Hi and thanks!
A little background is probably in order here:
Since I started this thread, I tried some more analysis and was unable to find any problem with the /home partition, so I have to assume that it was a bad install of some sort.
After some thought I removed the 20Gb drive then reinstalled OS 11.0 on the 120Gb drive alone, reformatting it with the default configuration.
This got as far as the runlevel 3 login, the problem now turned out to be the NVidia proprietary driver! >:(
After reverting to the OSS driver I was able to boot Xen fine, only to find out that my CPU was too old to run “full virtualization” (Athlon 1700+) and that this is required to run a Windows OS.
Since my intent is to use the virtual OS to run the few Windows apps that won’t run under either Wine or Mono (Quickbooks Pro being the nastiest example so far) I am reverting to VMware - which DOES work fine with Windows on this machine although it is awkward.
My plan is to migrate the legacy Windows stuff to my oldest hardware while I get the newer 64 bit machines going with Linux/OS equivalents.
Our evaluation is that GNUCash will do everything that we have Quickbooks doing for example, but you don’t just dump an accounting package without a LOT of testing.
Trouble is I can’t afford to shut down my business while I do all that!

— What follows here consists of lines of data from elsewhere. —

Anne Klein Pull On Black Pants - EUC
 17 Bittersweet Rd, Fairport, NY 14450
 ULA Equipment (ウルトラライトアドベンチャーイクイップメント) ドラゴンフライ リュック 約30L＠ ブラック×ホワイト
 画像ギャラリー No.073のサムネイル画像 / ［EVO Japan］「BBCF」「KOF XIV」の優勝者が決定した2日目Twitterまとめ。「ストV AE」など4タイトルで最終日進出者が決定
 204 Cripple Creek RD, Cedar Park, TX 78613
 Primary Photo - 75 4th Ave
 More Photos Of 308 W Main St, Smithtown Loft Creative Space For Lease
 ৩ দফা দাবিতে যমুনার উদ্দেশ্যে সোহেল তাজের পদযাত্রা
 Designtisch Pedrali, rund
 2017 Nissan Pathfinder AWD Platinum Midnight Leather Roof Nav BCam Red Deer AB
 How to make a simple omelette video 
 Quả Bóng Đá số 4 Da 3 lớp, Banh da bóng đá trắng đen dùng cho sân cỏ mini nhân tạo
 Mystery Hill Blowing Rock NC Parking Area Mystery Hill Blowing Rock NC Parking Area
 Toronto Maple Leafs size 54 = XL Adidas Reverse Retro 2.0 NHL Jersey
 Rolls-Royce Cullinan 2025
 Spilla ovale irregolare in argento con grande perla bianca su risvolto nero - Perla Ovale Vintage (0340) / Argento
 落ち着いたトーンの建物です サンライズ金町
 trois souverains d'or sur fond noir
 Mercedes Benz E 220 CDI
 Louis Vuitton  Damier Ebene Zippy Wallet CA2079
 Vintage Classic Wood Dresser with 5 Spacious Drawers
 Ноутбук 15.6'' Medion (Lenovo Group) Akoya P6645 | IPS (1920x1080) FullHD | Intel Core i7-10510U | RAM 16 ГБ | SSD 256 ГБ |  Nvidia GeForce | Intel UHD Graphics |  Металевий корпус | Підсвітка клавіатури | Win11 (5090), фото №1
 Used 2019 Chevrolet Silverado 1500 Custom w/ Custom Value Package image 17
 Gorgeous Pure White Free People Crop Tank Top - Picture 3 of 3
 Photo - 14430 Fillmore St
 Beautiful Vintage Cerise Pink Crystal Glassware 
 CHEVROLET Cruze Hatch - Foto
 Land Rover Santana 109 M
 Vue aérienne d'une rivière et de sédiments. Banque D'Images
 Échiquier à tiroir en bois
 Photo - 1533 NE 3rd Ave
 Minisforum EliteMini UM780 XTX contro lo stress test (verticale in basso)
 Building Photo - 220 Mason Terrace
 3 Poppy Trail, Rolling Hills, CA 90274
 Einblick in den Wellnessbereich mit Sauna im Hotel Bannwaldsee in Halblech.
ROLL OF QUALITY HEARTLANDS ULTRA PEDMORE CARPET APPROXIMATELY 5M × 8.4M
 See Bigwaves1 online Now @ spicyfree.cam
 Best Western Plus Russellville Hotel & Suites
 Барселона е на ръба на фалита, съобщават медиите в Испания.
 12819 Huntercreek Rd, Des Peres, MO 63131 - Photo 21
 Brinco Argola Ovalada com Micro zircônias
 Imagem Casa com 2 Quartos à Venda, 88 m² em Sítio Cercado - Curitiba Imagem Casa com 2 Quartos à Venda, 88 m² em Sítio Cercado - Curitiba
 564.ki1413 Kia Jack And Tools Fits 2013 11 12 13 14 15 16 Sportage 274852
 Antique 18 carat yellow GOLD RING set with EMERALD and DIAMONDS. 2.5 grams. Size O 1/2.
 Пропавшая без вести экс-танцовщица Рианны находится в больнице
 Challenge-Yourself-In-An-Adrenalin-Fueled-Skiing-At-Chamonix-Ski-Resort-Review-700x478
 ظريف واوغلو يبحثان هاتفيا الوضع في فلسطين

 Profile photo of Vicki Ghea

We also run some specialized Financial apps which are written by really bad programmers who know the finance end very well, so likely I iwll never manage to migrate completely.
This also means that the time I spend getting things to work depends on other priorities, sometimes the Linus stuff sits for weeks this week I have manged four straight days of working on it and made great progress.
It looks like the set up from The Perfect Desktop - OpenSUSE 11 (GNOME) | HowtoForge - Linux Howtos and Tutorials will do what I need, once I manage to get everything installed properly.
THEN I just need to pull the plug on the present WinXP system and start the migration for real.
Ironically the last machine to migrate will likely be the new Vista HP/AMD Quad machine that is giving everyone fits and started this whole migration project.
Part of the problem with it is that it needs stuff that will only run under Win 95(!!) - it won’t even run under “compatibility mode” in Vista.
Anyway thanks again for the help and hopefully I will be able to return the favor to others in the near future.
I am already planning on writing a migration guide of some sort since I am sure that we are not the only people having these problems.